Em outros tempos, a população mais abastada de Santos ocupava o Centro, além do
Paquetá e da Vila Nova, que eram as principais áreas habitacionais. Aos poucos, aqueles que possuíam rendas mais altas começaram a deslocar-se em
direção às praias, afastando-se gradativamente do Centro. Com o abandono, surgiram os porões da miséria, cubículos que abrigam, em condições até
desumanas, até 15 famílias ao mesmo tempo.
Vamos pedir o reforço das observações de Lúcio Kovarick: "A dinâmica de produção dos
espaços urbanos, ao gerar uma melhoria, cria simultaneamente e constantemente milhares de desalojados e desapropriados, que cedem seus locais de
moradia para grupos de renda que podem pagar o preço de um progresso que se opera através de uma enorme especulação imobiliária. Tal trama urbana só
pode levar à fixação das camadas pobres em zonas desprovidas de serviços públicos, até o dia em que, com o crescimento das metrópoles, também destes
locais tenderão a ser expulsos se, porventura, sua iniciativa política ainda continuar bloqueada".

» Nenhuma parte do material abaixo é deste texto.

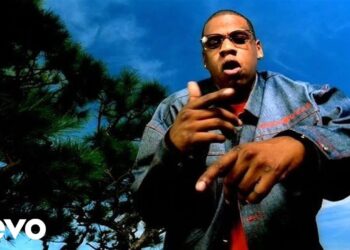 Милијарди зад сцената: објавена листата на најбогатите музичари во светот – Раперот Џеј-Зи убедливо на врвот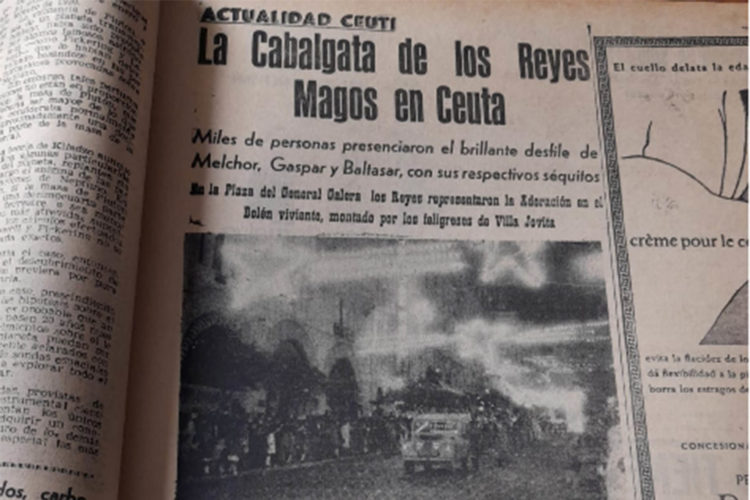 asi-eran-cabalgatas-reyes-60-703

O arquiteto Célio Calestine pode ajudar a entender como se processa a relação entre os
espoliados e a sociedade: "A partir do momento em que toda uma área está ocupada, a população passa a exercer uma pressão sobre a administração
pública, em termos de serviço. Quando chega este serviço, viver naquela área passa a ser mais caro. E a partir do momento em que fica mais caro, a
população é expulsa. É um processo inevitável dentro dos países capitalistas".
E completa explicando que existe toda uma lógica na instalação das favelas: "Ou ocupam
áreas públicas ou localizam-se em locais próximos de uma estrutura de transporte".
Geralmente, as favelas localizam-se próximas aos sistemas de transporte
Quem procura, acha... - Inicialmente, a população carente da Baixada Santista
procurou os morros, graduando-se na nobre arte do equilíbrio e da força de vontade. Mas esta ocupação encontrou seus próprios limites a partir do
momento em que os terrenos, nos morros santistas, conheceram uma valorização considerável, tornando-se proibitivos para uma grande parcela. Além
disso, a ameaça de deslizamento reforçou esta tendência, ao mesmo tempo em que determinadas áreas dos morros passaram a ser preservadas para grandes
empreendimentos imobiliários (principalmente Nova Cintra), implantarem "loteamentos ecológicos".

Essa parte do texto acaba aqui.